La Cour de justice de l'Union européenne (CJUE) a rendu une décision historique sur la question du géoblocage et son rôle dans la protection du droit d'auteur, même lorsque les utilisateurs tentent de contourner les restrictions géographiques en utilisant des réseaux privés virtuels (VPN). La décision rendue jeudi dans l'affaire C-788/24 apporte de la clarté aux archives en ligne, aux établissements d'enseignement et aux autres entités qui s'occupent du patrimoine culturel numérisé. Elle confirme que les œuvres du domaine public d'un État membre de l'UE peuvent être librement offertes en ligne, même si elles restent protégées par les lois sur le droit d'auteur dans un autre pays, à condition qu'un blocage géographique efficace empêche l'accès des régions où l'œuvre est encore protégée.
Selon la décision, cela s'applique même si les utilisateurs parviennent à contourner de tels blocs en utilisant des outils tels que les VPN. L'affaire était centrée sur le journal d'Anne Frank, dont les écrits ont fait l'objet d'un débat juridique en raison de la variation des protections du droit d'auteur à travers l'Europe.
Pour se conformer à la loi néerlandaise sur le droit d'auteur, ils ont mis en place un système de géoblocage pour restreindre l'accès aux pays où l'œuvre était encore protégée. Le différend a surgi lorsque le Fonds Anne Frank, basé en Suisse et détenteur des droits d'auteur, a contesté la légalité de cette approche. Ils ont fait valoir que, puisque les utilisateurs pouvaient contourner le géoblocage à l'aide d'un VPN, la publication constituait une "performance publique" illégale dans des territoires restreints.

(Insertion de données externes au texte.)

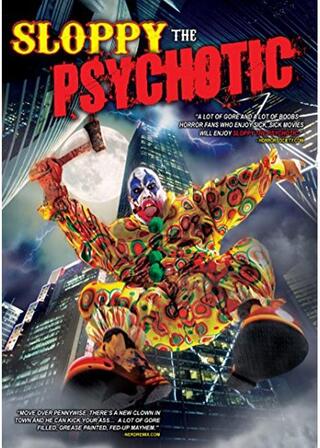Sloppy the Psychotic（原題）のポスター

La Cour suprême des Pays-Bas a renvoyé la question centrale à la CJUE, demandant si une telle offre en ligne serait considérée comme illégale si les utilisateurs pouvaient techniquement contourner le géoblocage.
En janvier, l'avocat général Athanasios Rantos avait déjà souligné que la simple présence de lacunes techniques ne rendait pas automatiquement illégale une représentation publique dans un territoire restreint.Il a souligné que la prise de mesures techniques efficaces indiquait clairement l'intention de ne pas cibler ces zones.La Cour de justice de la CE a maintenant confirmé ce point de vue, en déclarant qu'un bloc géographique doit répondre aux normes technologiques actuelles pour être considéré comme juridiquement valide, même s'il pourrait théoriquement être contourné par des utilisateurs individuels.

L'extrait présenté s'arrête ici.